◆ TRY IT ◆
Collect from the data below each line with "Benz".

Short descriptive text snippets
/---

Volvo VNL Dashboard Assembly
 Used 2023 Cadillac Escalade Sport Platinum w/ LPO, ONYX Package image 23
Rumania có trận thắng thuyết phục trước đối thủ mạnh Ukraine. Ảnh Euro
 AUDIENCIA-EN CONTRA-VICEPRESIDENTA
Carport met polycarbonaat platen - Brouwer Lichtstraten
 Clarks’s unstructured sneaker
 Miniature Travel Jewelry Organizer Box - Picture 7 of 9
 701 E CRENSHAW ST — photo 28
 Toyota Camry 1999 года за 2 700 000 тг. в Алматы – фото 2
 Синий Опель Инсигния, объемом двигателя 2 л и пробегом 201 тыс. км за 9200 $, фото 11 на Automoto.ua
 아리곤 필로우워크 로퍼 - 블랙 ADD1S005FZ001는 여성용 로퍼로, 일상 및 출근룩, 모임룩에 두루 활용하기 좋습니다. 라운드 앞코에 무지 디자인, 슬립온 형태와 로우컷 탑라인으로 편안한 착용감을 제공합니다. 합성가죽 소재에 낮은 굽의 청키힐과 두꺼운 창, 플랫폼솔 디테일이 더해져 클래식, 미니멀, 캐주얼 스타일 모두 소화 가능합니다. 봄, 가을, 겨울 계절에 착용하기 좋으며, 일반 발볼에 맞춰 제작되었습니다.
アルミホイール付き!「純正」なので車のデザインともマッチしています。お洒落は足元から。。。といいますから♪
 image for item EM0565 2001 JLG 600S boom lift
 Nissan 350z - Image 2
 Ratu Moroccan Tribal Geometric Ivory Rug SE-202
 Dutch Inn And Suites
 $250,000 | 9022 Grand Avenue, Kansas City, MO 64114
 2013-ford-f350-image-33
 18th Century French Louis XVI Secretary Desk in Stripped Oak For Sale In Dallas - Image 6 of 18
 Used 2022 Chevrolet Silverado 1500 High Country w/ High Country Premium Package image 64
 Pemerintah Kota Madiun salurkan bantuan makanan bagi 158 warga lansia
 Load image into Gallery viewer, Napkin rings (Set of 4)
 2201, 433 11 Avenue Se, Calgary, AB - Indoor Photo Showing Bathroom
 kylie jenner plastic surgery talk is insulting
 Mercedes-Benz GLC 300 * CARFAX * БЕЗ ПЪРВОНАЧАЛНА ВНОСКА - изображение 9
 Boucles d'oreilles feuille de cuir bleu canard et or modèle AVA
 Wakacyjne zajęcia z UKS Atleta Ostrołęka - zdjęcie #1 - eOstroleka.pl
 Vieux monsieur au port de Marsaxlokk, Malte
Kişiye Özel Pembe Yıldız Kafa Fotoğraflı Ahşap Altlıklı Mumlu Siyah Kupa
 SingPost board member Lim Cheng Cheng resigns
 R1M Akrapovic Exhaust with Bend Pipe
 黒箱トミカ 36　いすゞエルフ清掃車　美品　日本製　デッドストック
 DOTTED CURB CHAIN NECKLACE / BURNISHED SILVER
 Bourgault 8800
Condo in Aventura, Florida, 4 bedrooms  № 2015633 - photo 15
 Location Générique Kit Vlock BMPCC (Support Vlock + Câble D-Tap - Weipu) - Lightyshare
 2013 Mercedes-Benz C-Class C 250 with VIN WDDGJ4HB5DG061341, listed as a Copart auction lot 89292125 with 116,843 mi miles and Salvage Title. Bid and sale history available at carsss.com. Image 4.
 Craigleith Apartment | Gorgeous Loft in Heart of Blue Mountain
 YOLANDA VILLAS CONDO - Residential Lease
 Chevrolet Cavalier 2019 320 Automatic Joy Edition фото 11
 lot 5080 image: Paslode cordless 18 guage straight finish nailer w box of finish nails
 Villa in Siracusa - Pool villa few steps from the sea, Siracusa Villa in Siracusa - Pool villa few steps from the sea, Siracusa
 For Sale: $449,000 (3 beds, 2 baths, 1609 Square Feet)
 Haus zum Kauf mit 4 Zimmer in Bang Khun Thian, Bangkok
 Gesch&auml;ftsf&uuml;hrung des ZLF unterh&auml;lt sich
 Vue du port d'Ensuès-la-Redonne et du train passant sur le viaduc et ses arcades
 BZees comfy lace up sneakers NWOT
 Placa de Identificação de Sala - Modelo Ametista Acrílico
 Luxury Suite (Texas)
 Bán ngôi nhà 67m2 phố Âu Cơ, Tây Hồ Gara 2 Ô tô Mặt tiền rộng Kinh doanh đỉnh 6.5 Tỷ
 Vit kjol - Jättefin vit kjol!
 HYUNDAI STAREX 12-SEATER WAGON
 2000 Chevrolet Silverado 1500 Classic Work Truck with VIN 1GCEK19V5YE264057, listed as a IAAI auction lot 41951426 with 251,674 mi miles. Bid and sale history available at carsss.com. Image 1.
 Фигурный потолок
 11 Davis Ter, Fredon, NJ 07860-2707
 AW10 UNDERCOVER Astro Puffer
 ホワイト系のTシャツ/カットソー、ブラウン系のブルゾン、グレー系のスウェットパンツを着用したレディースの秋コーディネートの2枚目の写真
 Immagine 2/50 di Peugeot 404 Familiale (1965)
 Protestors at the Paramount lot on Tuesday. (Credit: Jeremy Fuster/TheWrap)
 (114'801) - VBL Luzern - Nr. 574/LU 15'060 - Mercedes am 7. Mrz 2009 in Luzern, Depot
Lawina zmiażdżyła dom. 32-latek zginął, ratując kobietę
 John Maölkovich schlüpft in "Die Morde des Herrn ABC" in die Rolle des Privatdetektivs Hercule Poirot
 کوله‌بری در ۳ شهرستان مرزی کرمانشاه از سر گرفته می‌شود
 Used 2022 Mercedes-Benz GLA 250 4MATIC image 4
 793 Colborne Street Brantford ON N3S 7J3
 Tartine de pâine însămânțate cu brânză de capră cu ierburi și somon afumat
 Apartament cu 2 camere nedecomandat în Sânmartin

\---

◆ TASK SOLUTION ◆
 Mercedes-Benz GLC 300 * CARFAX * БЕЗ ПЪРВОНАЧАЛНА ВНОСКА - изображение 9
 2013 Mercedes-Benz C-Class C 250 with VIN WDDGJ4HB5DG061341, listed as a Copart auction lot 89292125 with 116,843 mi miles and Salvage Title. Bid and sale history available at carsss.com. Image 4.
 Used 2022 Mercedes-Benz GLA 250 4MATIC image 4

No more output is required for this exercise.